Intra-abdominal hypertension is common in critically ill patients and is associated with increased severity of organ failure and mortality. The techniques most commonly used to estimate intra-abdominal pressure are measurements of bladder and gastric pressures. The bladder technique requires that the bladder be infused with a certain amount of saline, to ensure that there is a conductive fluid column between the bladder and the transducer. The aim of this study was to evaluate the effect of different volumes and temperatures of infused saline on bladder pressure measurements in comparison with gastric pressure.

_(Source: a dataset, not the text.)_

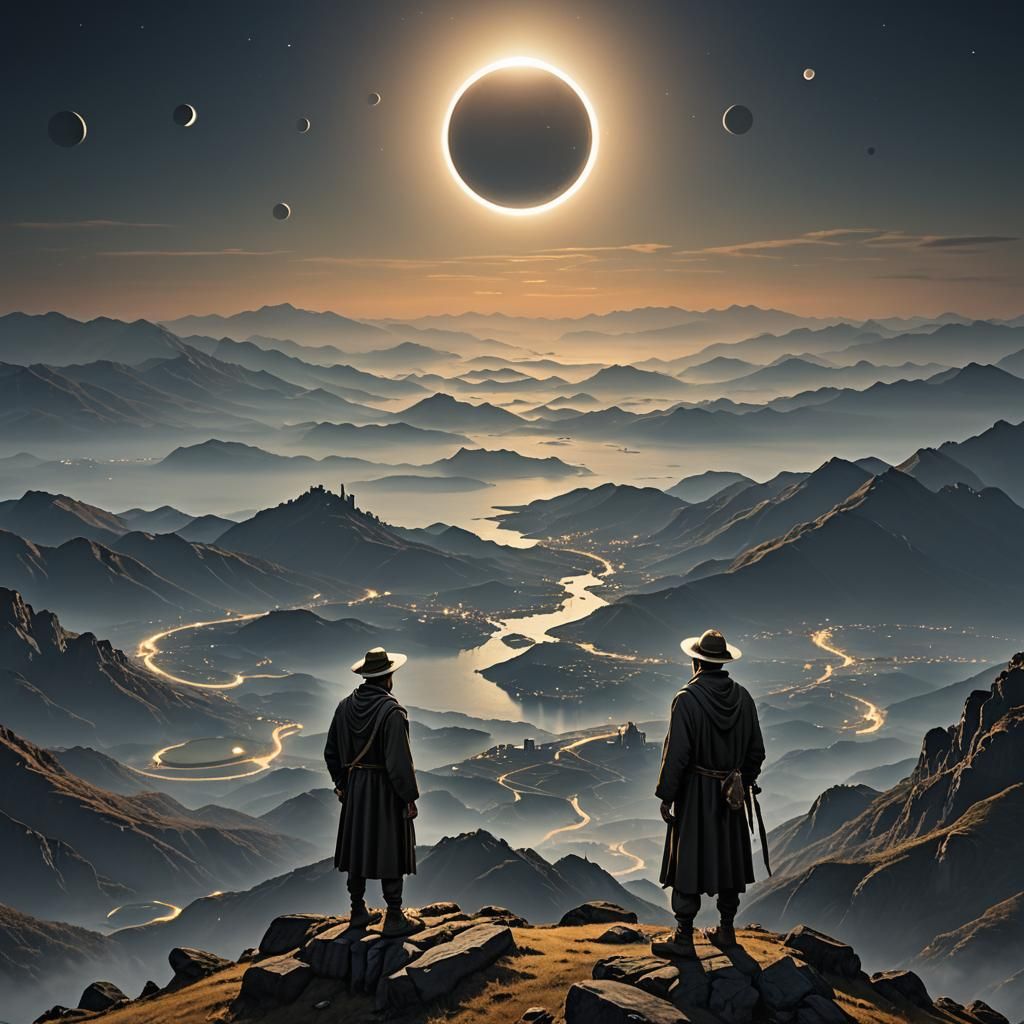 Pilgrim Contemplates Solar Eclipse on Alien Planet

Thirteen mechanically ventilated critically ill patients (11 male; body mass index 25.5 +/- 4.6 kg/m2; arterial oxygen tension/fractional inspired oxygen ratio 225 +/- 48 mmHg) were enrolled. Bladder pressure was measured using volumes of saline from 50 to 200 ml at body temperature (35 to 37 degrees C) and room temperature (18 to 20 degrees C).


Bladder pressure was no different between 50 ml and 100 ml saline (9.5 +/- 3.7 mmHg and 13.7 +/- 5.6 mmHg), but it significantly increased with 150 and 200 ml (21.1 +/- 10.4 mmHg and 27.1 +/- 15.5 mmHg). Infusion of saline at room temperature caused a significantly greater bladder pressure compared with saline at body temperature. The lowest difference between bladder and gastric pressure was obtained with a volume of 50 ml.


The bladder acts as a passive structure, transmitting intra-abdominal pressure only with saline volumes between 50 ml and 100 ml. Infusion of a saline at room temperature caused a higher bladder pressure, probably because of contraction of the detrusor bladder muscle.